Member of the Rajasthan Legislative Assembly
- In office 1962–1967
- Preceded by: Bhairon Singh Shekhawat
- Succeeded by: Hanut Singh
- Constituency: Srimadhopur, Rajasthan
- In office 1967–1972
- Succeeded by: Gopal Singh Khandela
- Constituency: Khandela, Rajasthan

Personal details
- Born: 29 August 1926 Kudan Village, Sikar, Rajasthan, India
- Died: 23 June 2018 (aged 91) Sikar, Rajasthan
- Party: Indian National Congress

= Ram Chandra Sunda =

Indian politician

Ram Chandra Sunda (29 August 1926 - 23 June 2018) was an Indian politician. He was elected to the Rajasthan Legislative Assembly for two terms.
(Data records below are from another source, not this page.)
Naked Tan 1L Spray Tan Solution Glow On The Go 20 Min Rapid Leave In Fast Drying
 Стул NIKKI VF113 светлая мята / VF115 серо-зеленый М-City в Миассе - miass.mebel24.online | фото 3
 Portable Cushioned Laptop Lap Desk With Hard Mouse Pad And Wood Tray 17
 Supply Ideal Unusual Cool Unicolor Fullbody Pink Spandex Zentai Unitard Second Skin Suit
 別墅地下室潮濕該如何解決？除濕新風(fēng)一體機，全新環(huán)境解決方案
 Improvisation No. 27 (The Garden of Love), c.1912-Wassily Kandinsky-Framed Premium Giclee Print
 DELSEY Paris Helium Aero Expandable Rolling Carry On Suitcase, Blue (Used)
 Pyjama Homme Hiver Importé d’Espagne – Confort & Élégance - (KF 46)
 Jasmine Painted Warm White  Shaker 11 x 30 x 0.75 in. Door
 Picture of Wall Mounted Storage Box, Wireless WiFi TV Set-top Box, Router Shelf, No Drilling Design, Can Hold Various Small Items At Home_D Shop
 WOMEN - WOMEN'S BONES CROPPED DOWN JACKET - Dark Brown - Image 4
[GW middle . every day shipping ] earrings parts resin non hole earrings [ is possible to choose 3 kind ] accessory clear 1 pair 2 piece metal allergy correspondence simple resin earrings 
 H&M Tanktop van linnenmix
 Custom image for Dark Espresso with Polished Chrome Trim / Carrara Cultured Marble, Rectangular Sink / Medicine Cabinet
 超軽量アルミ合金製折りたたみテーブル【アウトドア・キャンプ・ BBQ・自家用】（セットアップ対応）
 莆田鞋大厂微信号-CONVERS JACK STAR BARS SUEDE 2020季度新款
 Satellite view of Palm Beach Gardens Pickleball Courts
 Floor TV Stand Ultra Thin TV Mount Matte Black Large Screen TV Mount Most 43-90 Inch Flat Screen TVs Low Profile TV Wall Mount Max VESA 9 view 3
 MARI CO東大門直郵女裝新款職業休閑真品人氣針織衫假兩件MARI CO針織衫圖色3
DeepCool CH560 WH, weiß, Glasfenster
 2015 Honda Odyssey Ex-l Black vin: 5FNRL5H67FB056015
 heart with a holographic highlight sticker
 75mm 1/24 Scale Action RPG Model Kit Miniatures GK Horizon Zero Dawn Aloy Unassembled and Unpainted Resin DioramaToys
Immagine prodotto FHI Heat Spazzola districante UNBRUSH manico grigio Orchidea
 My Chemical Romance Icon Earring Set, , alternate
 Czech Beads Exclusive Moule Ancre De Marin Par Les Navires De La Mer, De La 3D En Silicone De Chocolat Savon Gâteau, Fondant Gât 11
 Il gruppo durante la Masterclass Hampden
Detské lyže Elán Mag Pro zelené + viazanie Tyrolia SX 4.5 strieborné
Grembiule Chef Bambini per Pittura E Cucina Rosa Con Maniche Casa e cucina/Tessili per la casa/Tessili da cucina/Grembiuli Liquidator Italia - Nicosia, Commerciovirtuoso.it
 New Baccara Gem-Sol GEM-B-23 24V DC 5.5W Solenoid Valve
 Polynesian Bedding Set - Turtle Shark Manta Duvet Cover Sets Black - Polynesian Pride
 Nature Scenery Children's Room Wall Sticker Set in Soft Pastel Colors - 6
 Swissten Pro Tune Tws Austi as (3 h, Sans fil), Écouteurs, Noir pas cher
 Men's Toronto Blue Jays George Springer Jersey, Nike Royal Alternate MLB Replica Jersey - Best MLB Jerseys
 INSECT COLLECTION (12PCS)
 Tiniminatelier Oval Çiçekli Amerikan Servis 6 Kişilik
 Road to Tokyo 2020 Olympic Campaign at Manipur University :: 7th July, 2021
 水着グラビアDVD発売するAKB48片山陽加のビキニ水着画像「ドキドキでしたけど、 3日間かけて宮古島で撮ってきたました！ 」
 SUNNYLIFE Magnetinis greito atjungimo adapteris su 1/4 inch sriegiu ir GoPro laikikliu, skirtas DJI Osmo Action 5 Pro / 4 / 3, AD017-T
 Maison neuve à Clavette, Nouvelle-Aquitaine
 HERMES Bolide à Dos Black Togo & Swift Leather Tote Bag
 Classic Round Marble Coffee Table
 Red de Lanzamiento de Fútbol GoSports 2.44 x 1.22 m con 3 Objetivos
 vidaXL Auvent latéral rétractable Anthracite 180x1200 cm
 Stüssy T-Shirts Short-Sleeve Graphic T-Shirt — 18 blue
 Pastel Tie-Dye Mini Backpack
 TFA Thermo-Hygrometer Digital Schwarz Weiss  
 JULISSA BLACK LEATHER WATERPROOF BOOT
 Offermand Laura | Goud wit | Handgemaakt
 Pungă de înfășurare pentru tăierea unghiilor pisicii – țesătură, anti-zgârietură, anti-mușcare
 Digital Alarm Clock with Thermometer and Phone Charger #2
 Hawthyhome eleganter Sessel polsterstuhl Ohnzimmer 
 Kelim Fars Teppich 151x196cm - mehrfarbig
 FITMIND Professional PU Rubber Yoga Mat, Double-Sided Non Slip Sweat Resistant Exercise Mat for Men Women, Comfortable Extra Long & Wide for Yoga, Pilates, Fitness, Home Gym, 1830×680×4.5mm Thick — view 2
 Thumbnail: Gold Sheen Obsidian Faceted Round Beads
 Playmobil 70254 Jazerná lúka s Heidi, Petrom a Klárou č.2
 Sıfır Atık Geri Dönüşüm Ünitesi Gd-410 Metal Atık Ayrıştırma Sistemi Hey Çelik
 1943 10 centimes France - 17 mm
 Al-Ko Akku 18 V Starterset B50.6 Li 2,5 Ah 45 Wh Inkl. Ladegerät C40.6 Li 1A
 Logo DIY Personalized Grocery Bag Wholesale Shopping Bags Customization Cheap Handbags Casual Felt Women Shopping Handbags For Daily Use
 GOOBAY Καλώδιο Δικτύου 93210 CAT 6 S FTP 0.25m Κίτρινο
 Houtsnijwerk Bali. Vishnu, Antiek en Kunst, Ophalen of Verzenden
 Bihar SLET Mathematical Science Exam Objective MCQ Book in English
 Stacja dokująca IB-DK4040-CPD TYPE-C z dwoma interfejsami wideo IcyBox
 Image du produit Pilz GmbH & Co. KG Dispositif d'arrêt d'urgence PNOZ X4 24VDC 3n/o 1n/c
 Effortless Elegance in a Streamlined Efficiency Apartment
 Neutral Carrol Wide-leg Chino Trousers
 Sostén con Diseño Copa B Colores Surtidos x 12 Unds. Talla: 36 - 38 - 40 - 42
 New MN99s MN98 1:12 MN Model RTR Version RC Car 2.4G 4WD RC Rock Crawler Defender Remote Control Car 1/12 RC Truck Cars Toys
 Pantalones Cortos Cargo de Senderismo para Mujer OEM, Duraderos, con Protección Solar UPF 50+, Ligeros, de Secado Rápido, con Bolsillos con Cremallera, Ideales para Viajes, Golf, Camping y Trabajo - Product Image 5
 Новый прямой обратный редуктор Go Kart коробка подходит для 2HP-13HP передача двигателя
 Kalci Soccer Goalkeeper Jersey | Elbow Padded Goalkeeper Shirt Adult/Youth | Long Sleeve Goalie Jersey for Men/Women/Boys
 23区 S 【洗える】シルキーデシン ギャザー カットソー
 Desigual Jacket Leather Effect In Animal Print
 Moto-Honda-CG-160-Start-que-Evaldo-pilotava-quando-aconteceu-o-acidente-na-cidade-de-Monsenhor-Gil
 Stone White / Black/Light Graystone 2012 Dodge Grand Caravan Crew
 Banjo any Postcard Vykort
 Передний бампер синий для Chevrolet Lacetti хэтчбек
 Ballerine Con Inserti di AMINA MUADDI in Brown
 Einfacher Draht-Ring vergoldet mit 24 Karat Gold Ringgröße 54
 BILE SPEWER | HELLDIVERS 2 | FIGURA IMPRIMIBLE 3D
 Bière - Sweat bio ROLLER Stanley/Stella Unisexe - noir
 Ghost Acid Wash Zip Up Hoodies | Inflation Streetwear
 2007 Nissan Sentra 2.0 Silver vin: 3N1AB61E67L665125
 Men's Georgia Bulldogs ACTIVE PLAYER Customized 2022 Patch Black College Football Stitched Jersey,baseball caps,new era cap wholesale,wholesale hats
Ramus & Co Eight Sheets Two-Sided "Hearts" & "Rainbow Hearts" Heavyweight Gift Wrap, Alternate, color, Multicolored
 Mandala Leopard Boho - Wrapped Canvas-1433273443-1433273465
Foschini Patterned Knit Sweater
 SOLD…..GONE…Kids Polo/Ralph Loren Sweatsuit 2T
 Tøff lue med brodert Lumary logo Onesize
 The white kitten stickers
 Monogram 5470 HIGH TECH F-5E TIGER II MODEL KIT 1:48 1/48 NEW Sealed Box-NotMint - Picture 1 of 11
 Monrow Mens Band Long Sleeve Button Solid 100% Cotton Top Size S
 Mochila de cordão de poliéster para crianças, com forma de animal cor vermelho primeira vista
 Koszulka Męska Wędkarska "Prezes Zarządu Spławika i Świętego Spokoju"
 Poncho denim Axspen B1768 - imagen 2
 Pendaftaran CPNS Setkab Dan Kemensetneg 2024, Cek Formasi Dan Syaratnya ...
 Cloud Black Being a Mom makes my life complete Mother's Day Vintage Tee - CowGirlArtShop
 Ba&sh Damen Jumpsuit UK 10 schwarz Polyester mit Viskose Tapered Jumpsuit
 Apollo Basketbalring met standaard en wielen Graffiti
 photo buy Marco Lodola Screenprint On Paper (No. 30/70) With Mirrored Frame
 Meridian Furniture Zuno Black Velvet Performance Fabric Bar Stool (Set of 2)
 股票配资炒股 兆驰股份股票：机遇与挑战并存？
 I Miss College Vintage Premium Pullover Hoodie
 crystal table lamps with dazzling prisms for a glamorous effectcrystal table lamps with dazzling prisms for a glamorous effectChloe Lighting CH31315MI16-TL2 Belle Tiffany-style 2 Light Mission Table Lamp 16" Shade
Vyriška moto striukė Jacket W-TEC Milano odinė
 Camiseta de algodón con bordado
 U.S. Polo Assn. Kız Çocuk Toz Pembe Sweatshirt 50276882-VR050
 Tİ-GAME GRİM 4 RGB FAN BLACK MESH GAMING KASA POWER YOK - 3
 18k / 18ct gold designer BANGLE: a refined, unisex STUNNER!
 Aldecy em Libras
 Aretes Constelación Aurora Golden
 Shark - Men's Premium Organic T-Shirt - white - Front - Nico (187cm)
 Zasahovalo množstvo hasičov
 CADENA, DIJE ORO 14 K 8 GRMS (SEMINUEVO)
He was a member of the Indian National Congress.

== Early life ==
He was born on 29 August 1926 in the village of Kudan, Sikar district, Rajasthan in family of Govind Ram Sunda. Govind Ram Sunda and his father Kalu Ram Sunda were both freedom fighters, who took part in Shekhawati farmers movement.

== Political career ==
He became member of District Congress Committee in 1959. He has been Member of the Rajasthan Assembly twice:
- 1967-72: from Khandela as Independent.
- 1962-67: from Shrimadopur as Indian National Congress member.